Bulan tidak bisa menyangkal apa yang dikatakan oleh kakaknya. Ia membenarkan perkataan kakaknya itu, tapi Bulan tidak mengatakan apa-apa selain menatap Aksa dengan tatapan berpura-pura kesal.
Sementara itu di lain tempat, tepatnya di rumah Bintang, ia baru saja pulang ke rumahnya setelah menghabiskan waktu bersama Reva.
Baru saja ia hendak melangkahkan kakinya menuju kamarnya, tiba-tiba sang ayah berteriak dari arah ruang tamu.
"Bintang!! Kesini kamu!"
Bintang menghela nafas panjang, ia tahu persis bahwa akan terjadi konflik lagi. Hubungan dengan ayahnya memang tidak baik-baik saja setelah ibunya pergi begitu saja beberapa tahun lalu.

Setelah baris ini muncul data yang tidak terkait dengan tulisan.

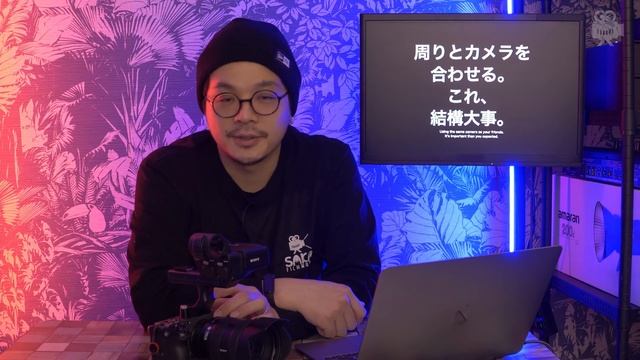 SONY ILME-FX3 REVIEW ～低予算ビデオクリエーターから見たFX3の利点・欠点～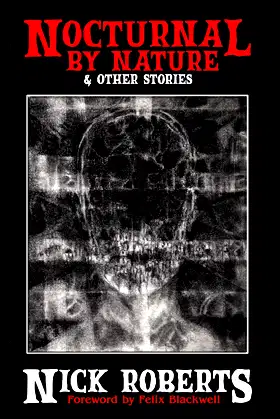 Nocturnal by Nature & Other Stories poster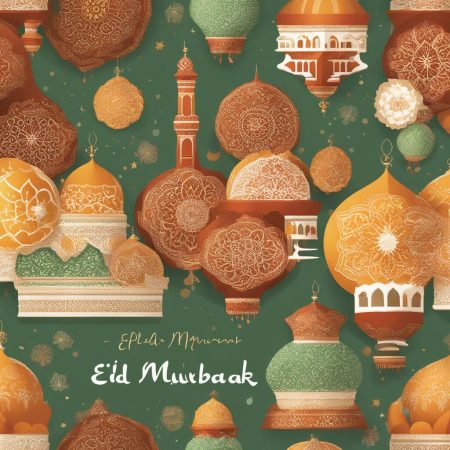 Eid Mubarak: Listen to Greetings in Various Languages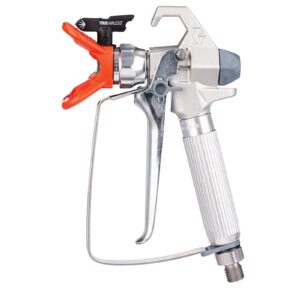SG2 Metal Spray Gun<p>Part Number: 243011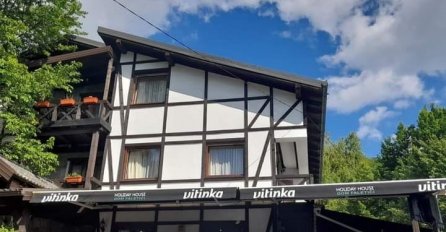 Sarajevski hotel nudi besplatan smještaj građanima koji su zbog poplava ostali bez krova nad glavom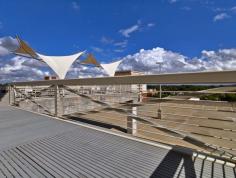 
                    
                        Red Hat offices by IA Interior Architects in Raleigh, North Carolina
                    
                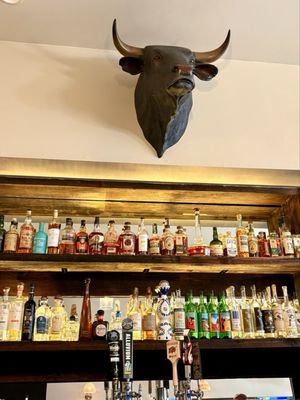 Lomo Libre Peruvian Kitchen by null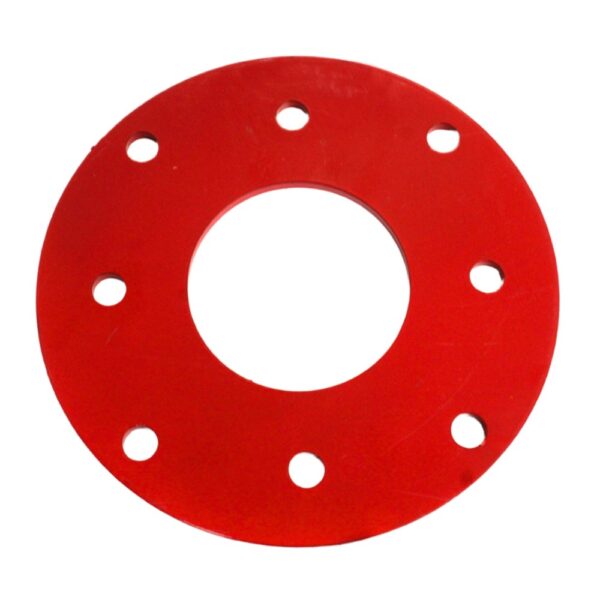 FLANGE DE DESCARGA - Imagem 3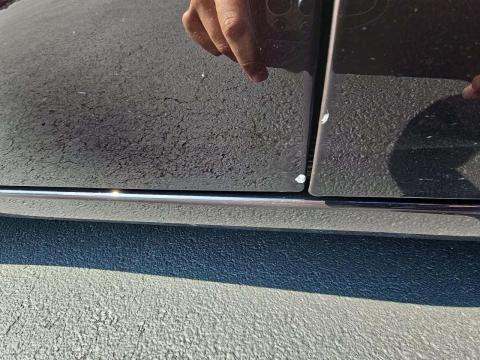 2017 Chrysler Pacifica Touring FWD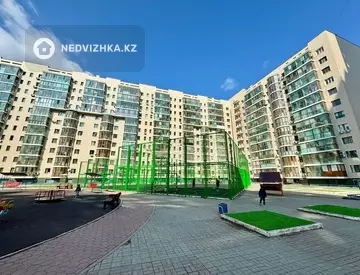 86 м², 2-комнатная квартира, этаж 12 из 13, 86 м², изображение - 9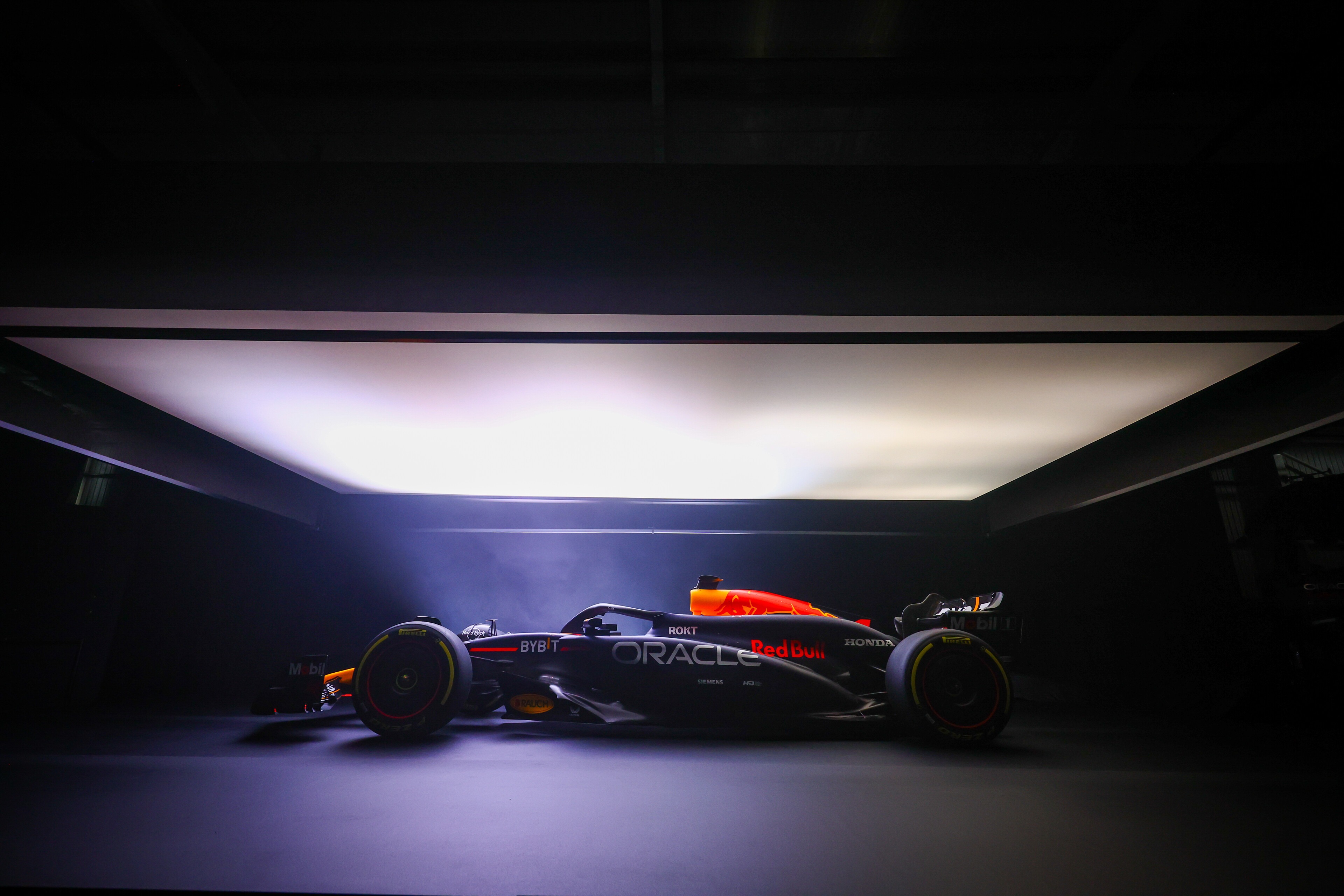 Red Bull RB20 Wallpapers - Wallpaper Cave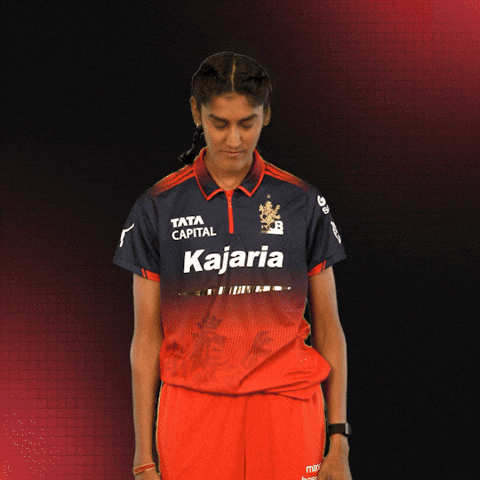 Happy Dance GIF by Royal Challengers Bengaluru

Bintang tidak mengindahkan perkataan ayahnya, ia justru langsung menuju ke arah pintu kamarnya. Baru saja memegang kenop pintu tiba-tiba saja Bintang di tarik oleh ayahnya.
Plaakk!
Satu tamparan ia dapatkan dari ayahnya tanpa sebab, membuatnya terhuyung ke samping dan ia pun langsung memegangi pipinya yang terasa panas.
"Pa, apa lagi sih?! Salah aku apa, Pa?!"
Bintang menatap ayahnya dengan perasaan campur aduk. Ia sama sekali tidak mengerti, mengapa ayahnya bisa berubah seperti itu sejak kepergian ibunya.
"Dari mana kamu?! Kenapa baru pulang jam segini?!" Bentak ayahnya menatap Bintang dengan tatapan penuh amarah.
Bintang tidak bergeming, untuk apa ayahnya menanyakan dirinya sementara adanya Bintang di rumah itu pun seakan tak berarti bagi sang ayah.
Bintang hanya menatap ayahnya dengan mata yang mulai berkaca-kaca karena menahan rasa sakit di dadanya. Ia tidak mengatakan apa-apa, ia tidak ingin melukai hati sang ayah karena emosi di hatinya.
"Kenapa diam kamu?! Kamu bisu?!" Teriak ayahnya membuat Bintang semakin tidak betah berada di rumah.
Bintang hanya menggelengkan kepalanya dan langsung masuk ke dalam kamarnya. Tanpa sadar, ia menutup pintu dengan keras membuat ayahnya semakin murka.
"Bintang! Semakin gak sopan ya kamu! Papa belum selesai berbicara dengan kamu!!"
Bintang menutup telinganya erat-erat, tidak ingin mendengar apapun perkataan sang ayah. Bahkan, terdengar suara pintu kamarnya digedor keras oleh ayahnya.
Bintang yang merasa frustasi langsung menjatuhkan beberapa benda di atas meja kamarnya, diikuti dengan satu pukulan keras ke arah dinding.
"Aku capek Pa! Aku capek diperlakukan seperti ini!!" Teriak Bintang membuat ruangan kamarnya terasa menggelegar dengan suaranya sendiri.
"Kenapa Pa?! Kenapa?!! Kenapa harus aku yang menjadi korban karena keegoisan kalian sendiri! Salah aku apa, Pa?!"
Bintang tidak bisa menahan diri untuk tidak mengatakan itu, hatinya benar-benar sakit mengingat keluarganya yang jauh dari kata cemara.
Kasih sayang dan cinta yang seharusnya ada di dalam keluarganya, kini justru terasa seperti duri yang sangat menusuk kalbu.
Bintang terduduk di lantai kamarnya, ia sempat mengacak-acak rambutnya penuh frustasi. Sebelum akhirnya ia terdiam tanpa kata di dalam rangkulannya sendiri.
"Tau apa kamu tentang Papa dan Mama?! Kamu cuma anak yang gak tau diri! Gak tau di untung kamu!" Bentak ayahnya dari luar kamar sebelum akhirnya berbalik pergi.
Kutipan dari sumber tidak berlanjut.